Wharfage is a mere charge made by the owner of the soil or shore for the use of a portion of it, which charge he has a right to make. The price, perhaps, may be subject to municipal regulation, but the right to charge is undoubted. O'Conley v. Natchez, 9 Miss. (1 Sm. and M.), 31; Cannon v. New Orleans, 20 Wall., 577. Right to compensation for the use of a wharf may be claimed upon an express or implied contract, according to the circumstances. If the price has not been agreed upon, the proprietor recovers what is just and reasonable for the use of his property and the benefit conferred, as in other like cases. 1 Farnham on Waters, 570. A riparian owner had at common law a (34) qualified interest in the water frontage belonging by nature to his land, and, consequently, the right to construct thereon wharves, piers, or landings as far as deep water, subject, however, to certain restrictions in their construction and use imposed by statute (Rev., 1696), one of which is, that navigation must not be obstructed. Bond v. Wool, 107 N.C. 139. This originated the right to compensation for wharfage or for the use of the wharf, pier, or landing. Lord Mansfield said: "Everybody that pays has a benefit, for if they go to the wharf they have the benefit of it, and if they land their goods elsewhere within the manor, they land upon the plaintiff's property." Colton v. Smith, 1 Cowper, 47. In the case of Fitzsimmons v. Milner, 32 S.C. (2 Rich.), 370, it was held that, though it was shown to be customary for the factor to pay the wharfage charges for goods shipped to his consignee, yet the latter is also liable as owner, if the former failed to pay them, because of his right of property and the benefit received from the care of the goods and the use of the wharf.

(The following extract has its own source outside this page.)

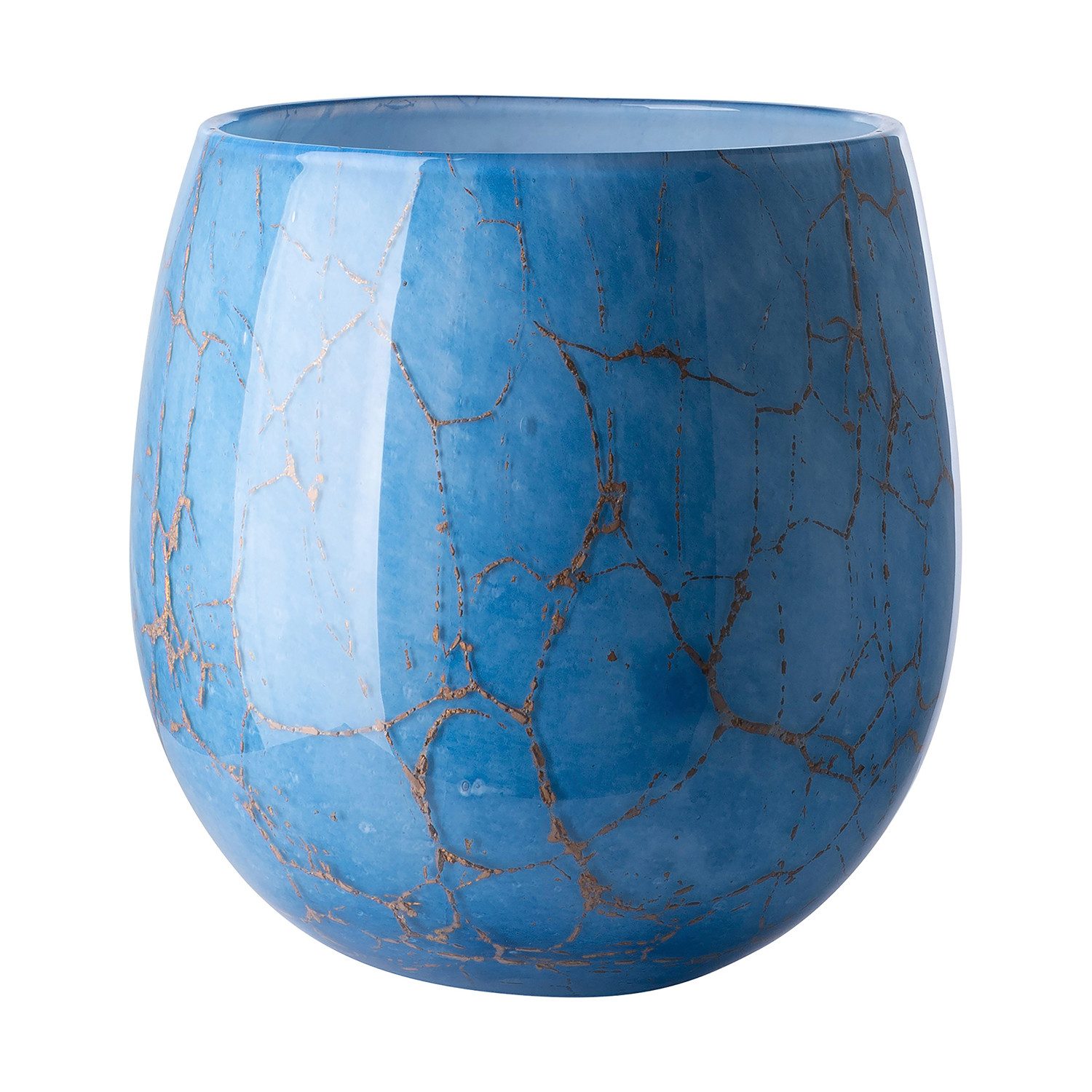 Fink Tischvase COSMIC Vase - blau-gold - Opalglas - H. 22cm x Ø 19cm - Tischvase (1x Vase; Windlicht, 1 St., Blumenvase - Laterne - Tischvase - Kerzenhalter), Blumenvase Laterne Tischvase Kerzenhalter 4-in-1 Dekoration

It is also said in that case: "That it is the rule of law, as well as the custom, for the consignee to pay the wharfinger, may, we think, be gathered from the cases." Whether that be so or not, we conclude that, upon the facts agreed, the plaintiff has derived a benefit, as far as appears, from the use of the wharf, and, upon a well-settled principle, should pay its reasonable value, which is admitted in the case to be the amount claimed, though the precise nature of the use is not disclosed. This Court has recognized the right of a wharfinger to charge the owner of goods for the use of his wharf. Wooster v. Blossom, 50 N.C. 244.

It does not appear distinctly whether the charge against the defendant was for dockage or berthage, strictly speaking, or for wharfage, using the former terms in the sense of a charge against a vessel for the privilege of mooring to a wharf or pier, which is one of the usual and customary port charges against the vessel, and the latter as denoting a (35) charge against merchandise for the use of a wharf, which is said to be one of its meanings. 30 A. and E. (2 Ed.), 497; People v. Roberts, 92 Cal. 659; The Wharf Case, 3 Bland, 373; Rodgers v. Stophel, 32 Pa. St., 111. We infer from all the facts and circumstances that the charge in this case was of the latter kind.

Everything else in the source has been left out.